── Information shown

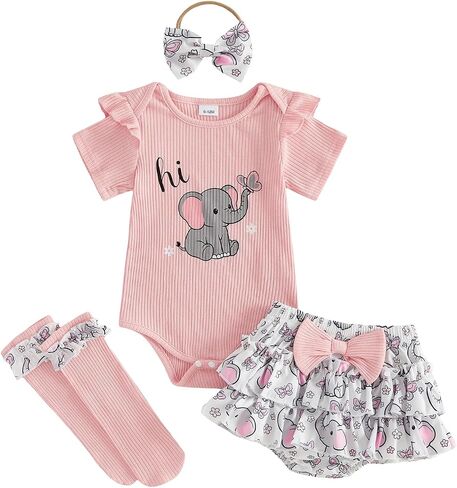 BemeyourBBs Newborn Baby Girl Clothes Summer Short Sleeve Romper Bloomers Shorts Set Leg Warmer Headband Infant 4pcs Outfit in Kuwait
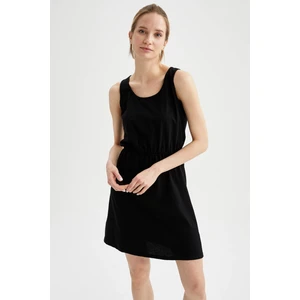 Askılı Basic Beli Büzgülü Relax Fit Mini Yazlık %100 Pamuk Elbise T8056AZ21SM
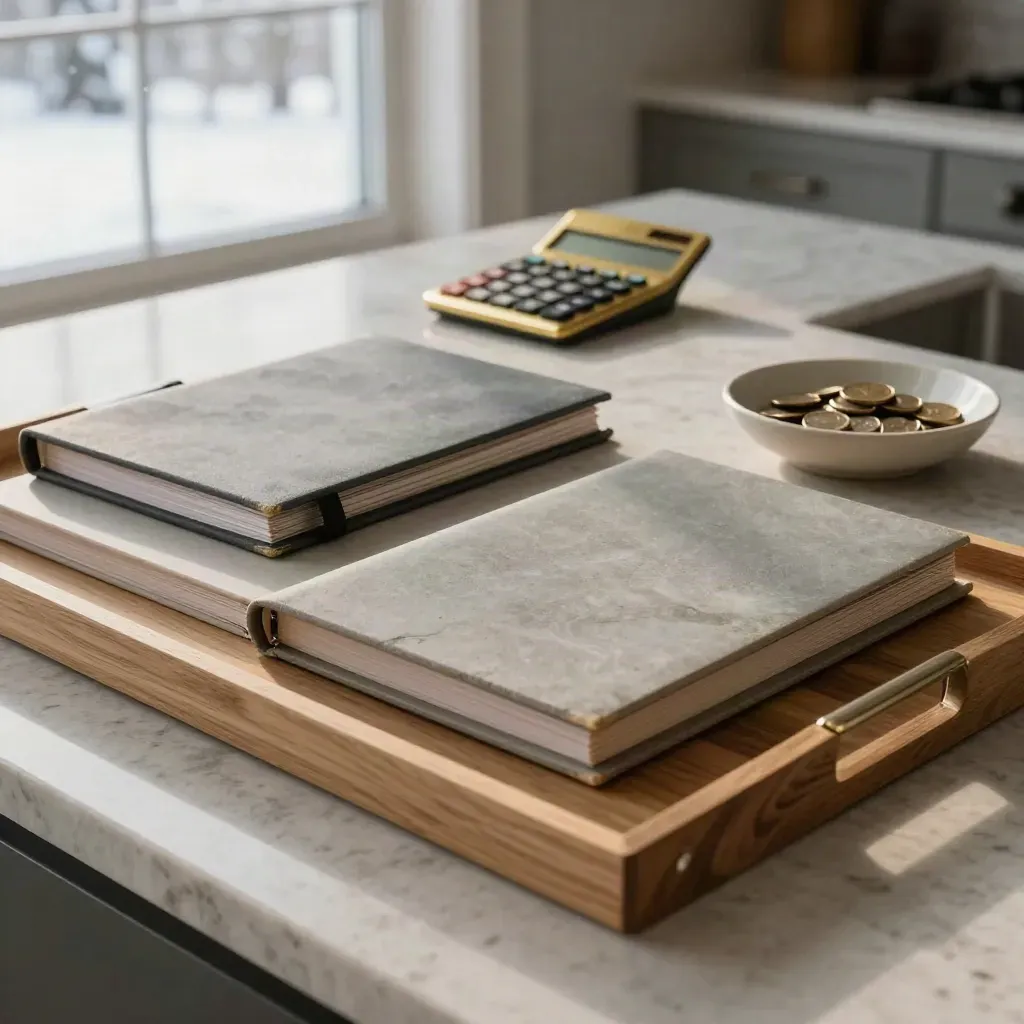 Canadian kitchen island with binder, calculator, retirement folder and coin bowl in winter morning light.
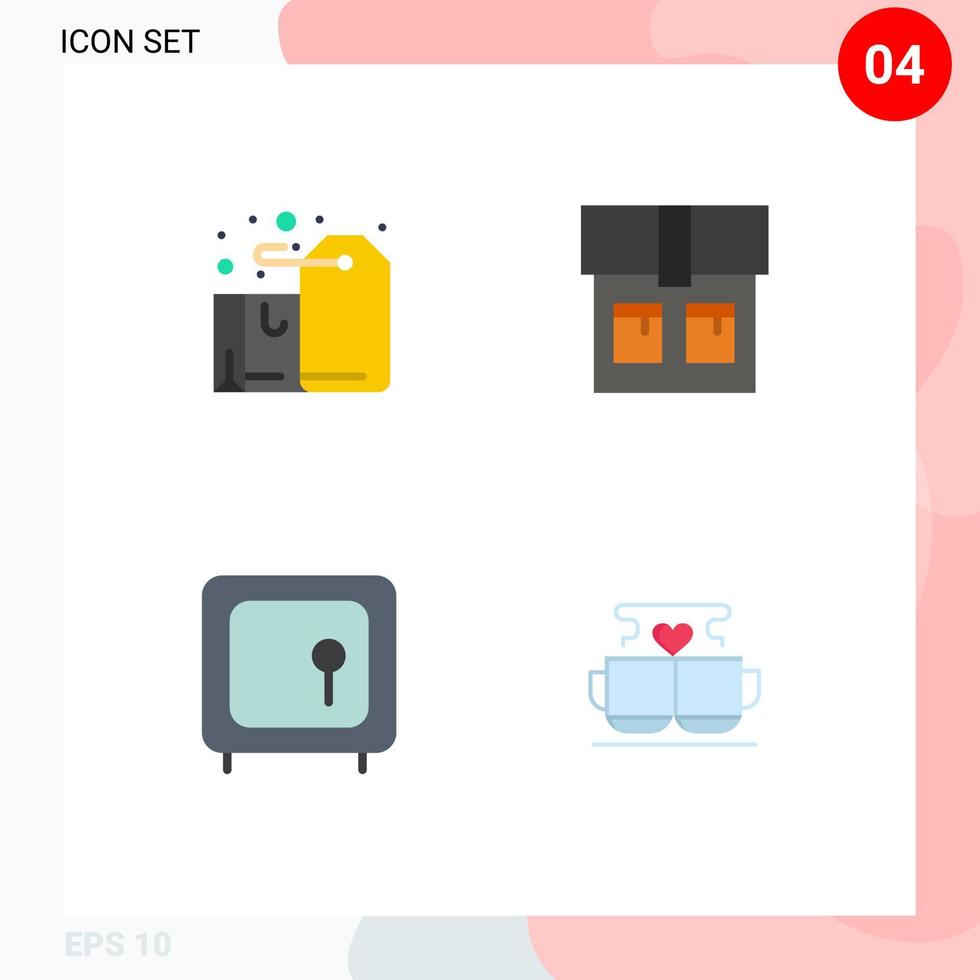 4 Flat Icon concept for Websites Mobile and Apps badge gold label fashion safety Editable Vector Design Elements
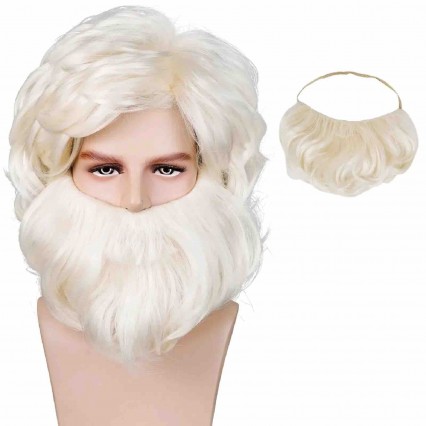 Santa Beard and Wig Set Long Platinum Blonde Old Man Wizard Wig Costume Accessories Carnival Christmas Halloween Party Wig Santa Beard and Wig Set Long Platinum Blonde Old Man Wizard Wig Costume Accessories Carnival Christmas Halloween Party Wig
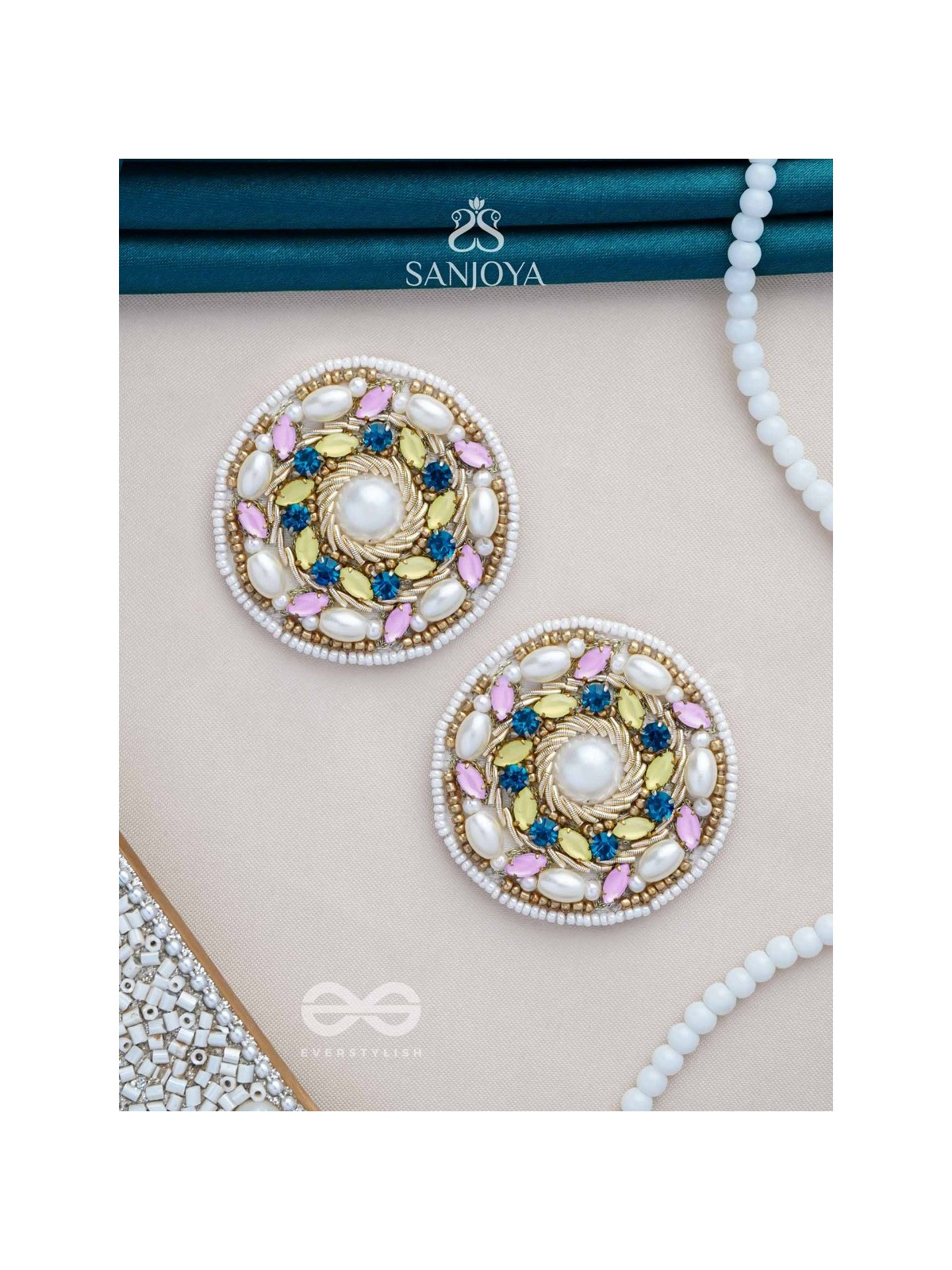 Bhanemi- The Circle of Light- Pearls and Stones Embroidered Earrings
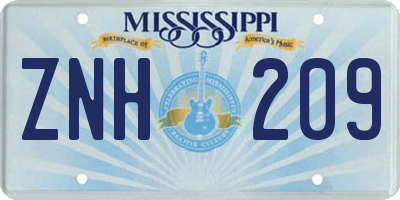MS license plate ZNH209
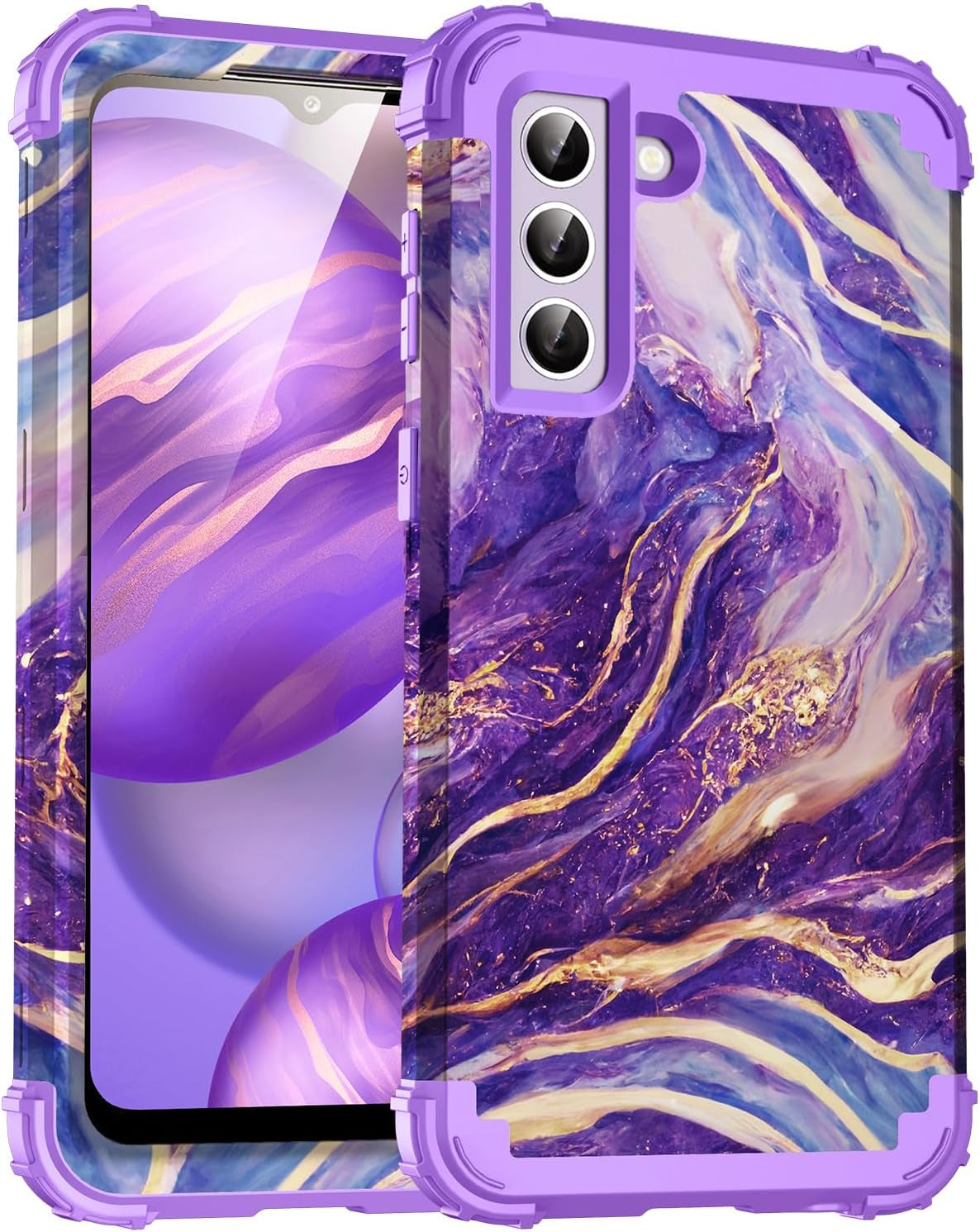 For Galacy S20 FE 5G Case,Marble Design Three Layer Heavy Duty Shockproof Protection Hard Plastic Bumper Soft Silicone Rubber Drop Protective Cover Case for Galaxy S20 FE 6.5 Inch,(Blue)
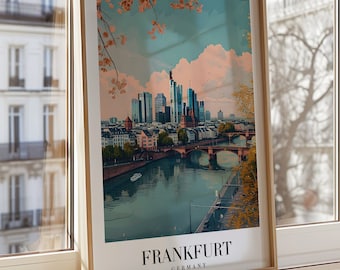 Frankfurt City Poster, Germany Building Wall Art, European Cityscape Print, Modern Frankfurt Art, River Main Decor, German Architect Poster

────

- **Task objective**
Above are the records; please give again, exactly and in full, only the lines that run from the line with "Bhanemi- The Circle" through the line with "For Galacy S20", with no pictures.

- **Response to the exercise**
 Bhanemi- The Circle of Light- Pearls and Stones Embroidered Earrings
MS license plate ZNH209
 For Galacy S20 FE 5G Case,Marble Design Three Layer Heavy Duty Shockproof Protection Hard Plastic Bumper Soft Silicone Rubber Drop Protective Cover Case for Galaxy S20 FE 6.5 Inch,(Blue)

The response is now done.